What is the contribution of a skin factor or location for the production? A NN is treated as a black-box solution since we can't derive answers based on the given approximation. And no way can somehow extract the function from it. A trained NN is a collection of weights that are interconnected following some architecture.
Scientists developed several so-called explainers techniques to understand the internal logic of NNs so that it would be easier to learn what happens to an input to produce an output image. There are two kinds of explanatory models:
Ante-hoc or Interpretable Models - here are the methods that can be explained based on their internal structure. Those methods like Regression, Naïve Bayes, Random Forests, Decision Trees/Graphs.
Post-hoc is the method that tries to explain the outcome by highlighting a part of an image responsible for the final decision. This explanation can be applied to various NN to explain its output, but it does tell much of a model itself. Methods like: visualization, gradients, inverting DNN, Decomposition [arXiv:1911.12116v1].

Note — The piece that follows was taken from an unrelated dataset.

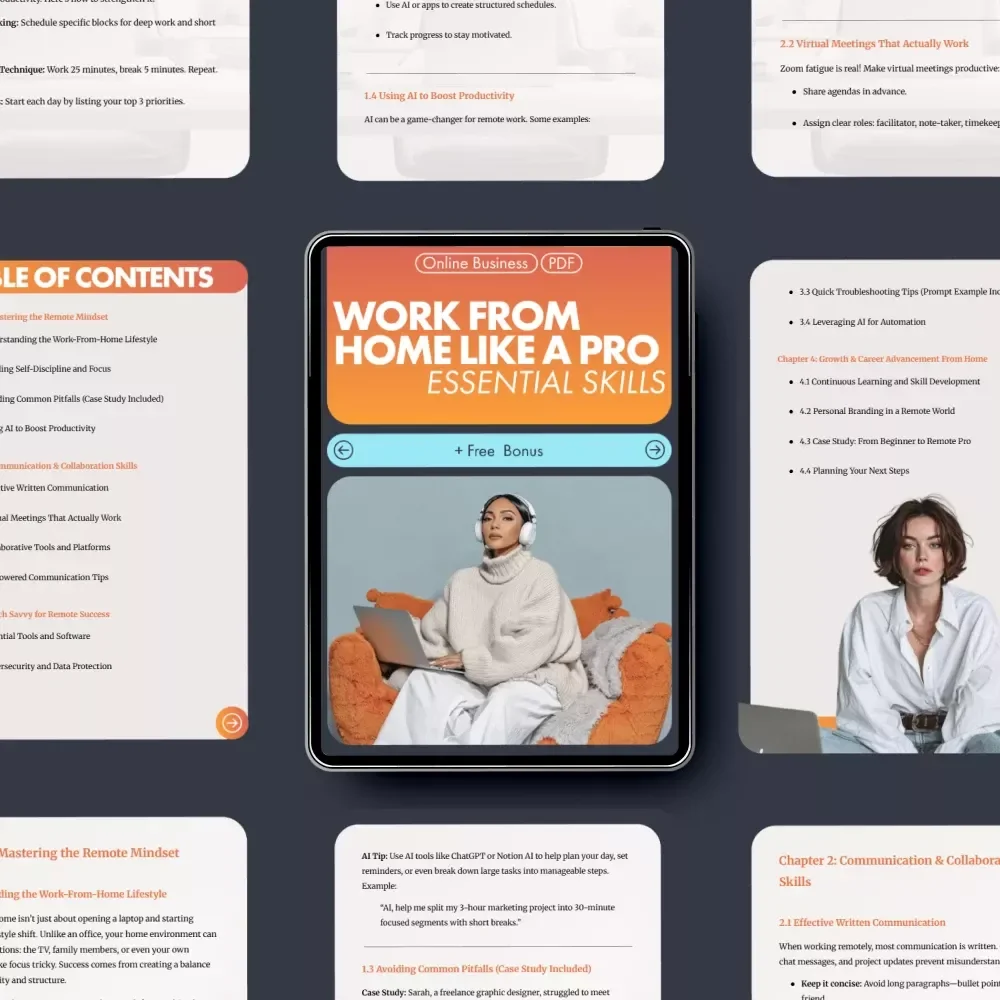 Work From Home Like a Pro: Essential Skills | Remote Success Guide for Beginners | Boost Productivity & Learn the skills needed to work from home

We try to make sense of NN with prejudgments and standards that we employ to written mathematical derivations. Mentioned explanatory models try to uncover the hidden meaning of the NN decisions. We need to accept that the black box doesn't mean a wrong solution; it should mean that we need to experiment and find other ways to establish its validity. Otherwise, we will reject any development from this field that would hinder innovation and growth for problems we don't have solutions to yet.